Friction is usually considered as a non-conservative force, but by considering the microscopic movement of particles which produce the friction, it seems we can model friction as conservative force field (the lost energy transform in kinetic energy of microparticles, what we call "heat").

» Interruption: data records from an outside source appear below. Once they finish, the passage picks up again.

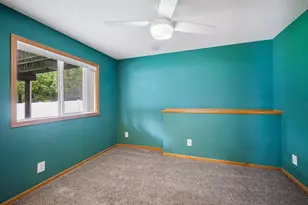 8986 Waconia St NE, Blaine, MN 55449 - Photo 28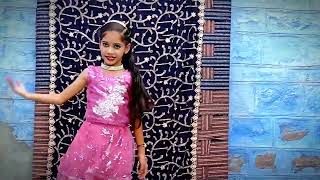 Rajasthan dance video video charactor Arbaaz Khan dancer Simran Khan Marwadi dance new song dance [upl. by Auginahs713]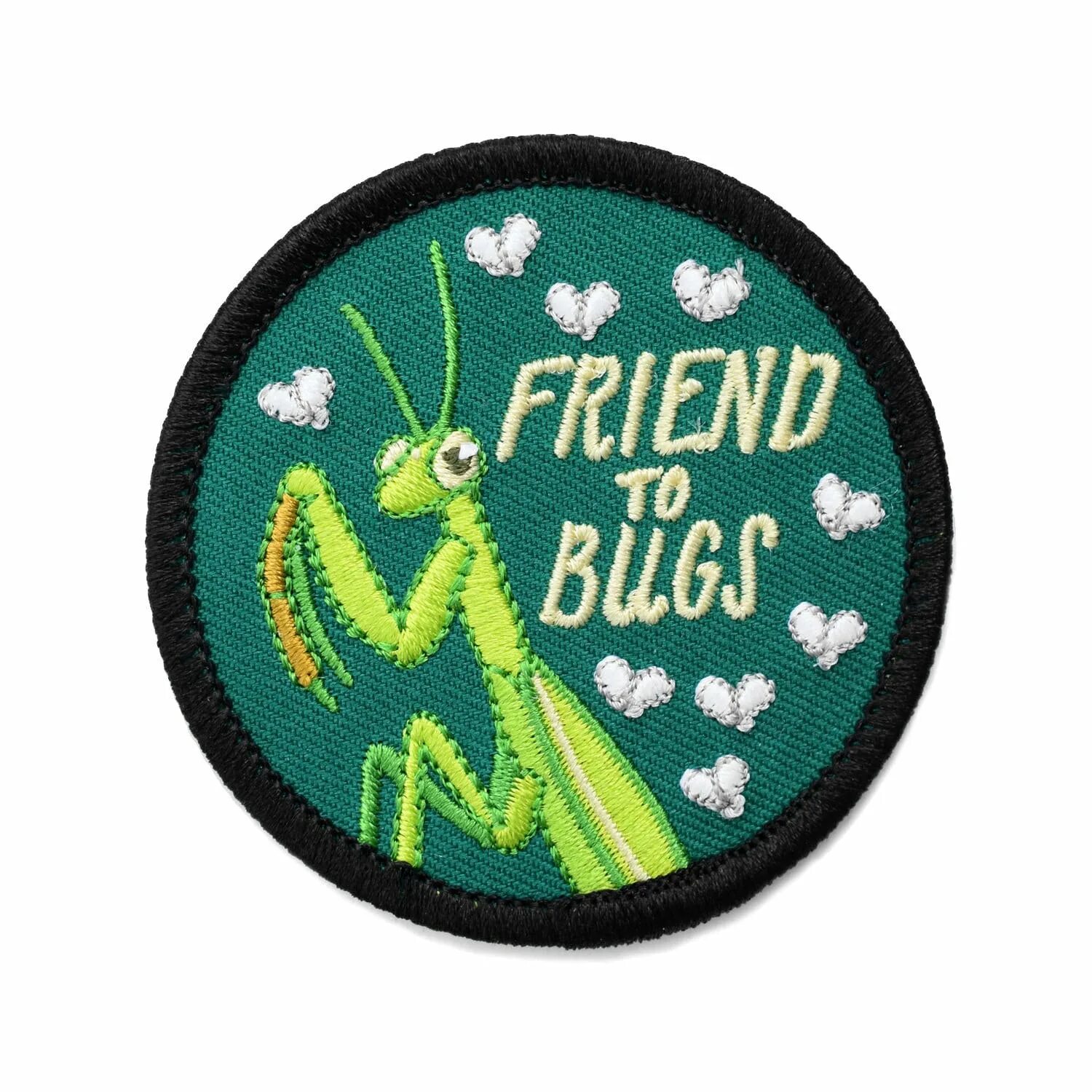 Патчи ошибки. Интересные патчи. patches. patch friend added.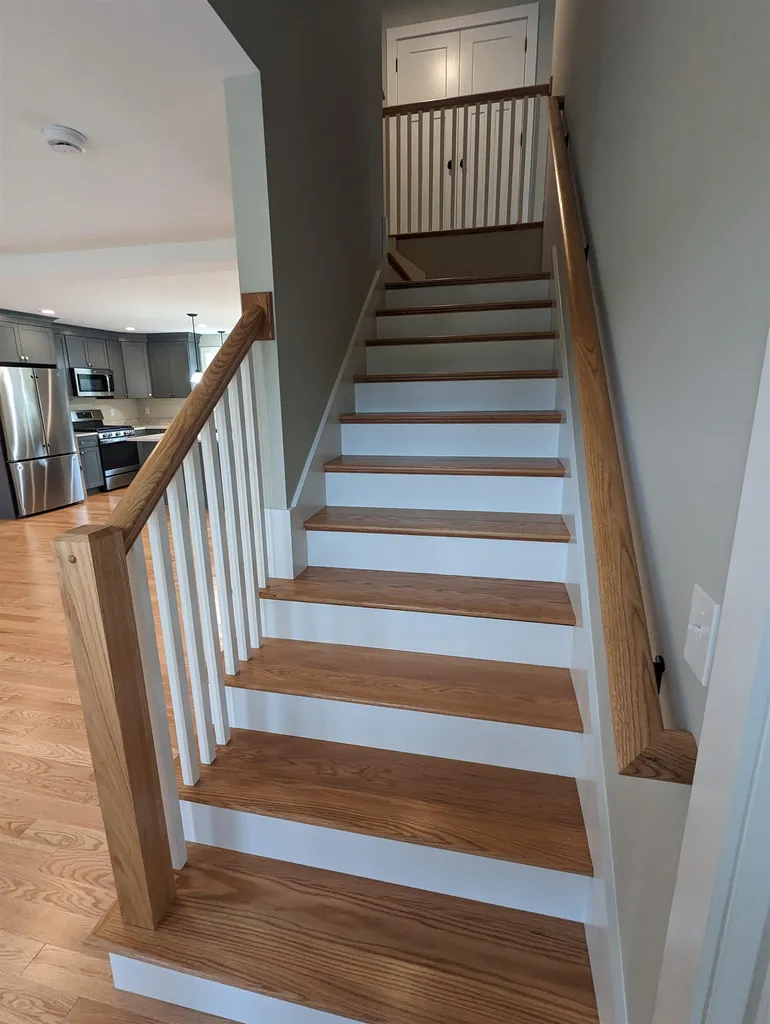 9 Bryson Lane Lee NH 03861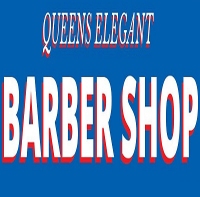 Queens Elegant Barber Shop
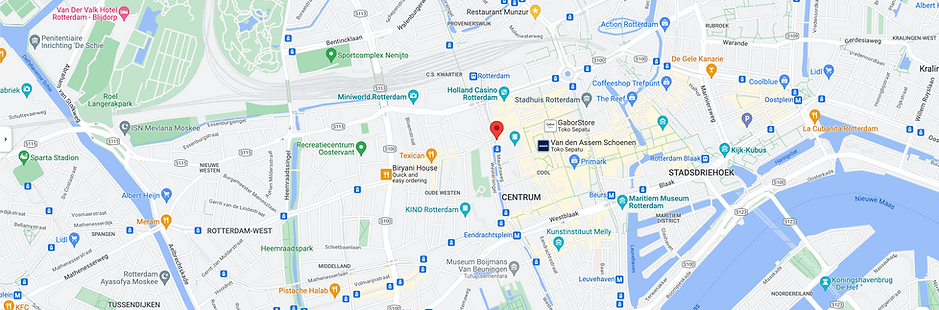 Screen Shot 2022-03-22 at 11.59.43.png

For example, consider the uni-dimensional movement of a macroscopic solid block sliding on the floor, let call its position as $X(t)$. On the other hand, the floor is modeled as a huge collection of $N$ material particles, like a thermal reservoir/bath, interacting with each other and with the block. As these particles move very little from their equilibrium position $x_i = 0$, we can approximate the potential energy associated with their interaction by a Taylor series up to quadratic terms:
$$V(x_i) = \frac{1}{2}\sum_{i, j=1}^N k_{ij}x_ix_j $$
The interaction of the block and the floor is assumed to be represented by a potential $V_f(x_i,X,\dot{X})$ ("potential associated with friction"). So, the Lagrangian of this system would be:
$$L(X,x_i,\dot{X},\dot{x}_i) = \frac{M}{2}\dot{X}^2 + \frac{m_i}{2}\sum_{i=1}^N \dot{x}_i^2 - V_f(x_i,X,\dot{X}) - \frac{1}{2} \sum_{i, j=1}^N k_{ij}x_ix_j .$$
Then for almost every solution with initial conditions $\dot{x}_i = 0$ the energy flows to the floor and we have $\dot{X}\to 0$.
My question are:
What forms could the potential $V_f(x_i,X,\dot{X})$ take?
How could we show that most solutions (with the above-mentioned initial conditions) end up with the block stopped on the floor?
My guess for the question 1 is that $$V_f(x_i,X,\dot{X}) = -(\alpha\ \text{sgn}(\dot{X})X) \sum_{i=1} \text{rect}(X-x_i)$$ or some modification will work, because this guarantees that each particle only produces influence during the time there is contact between the block and itself.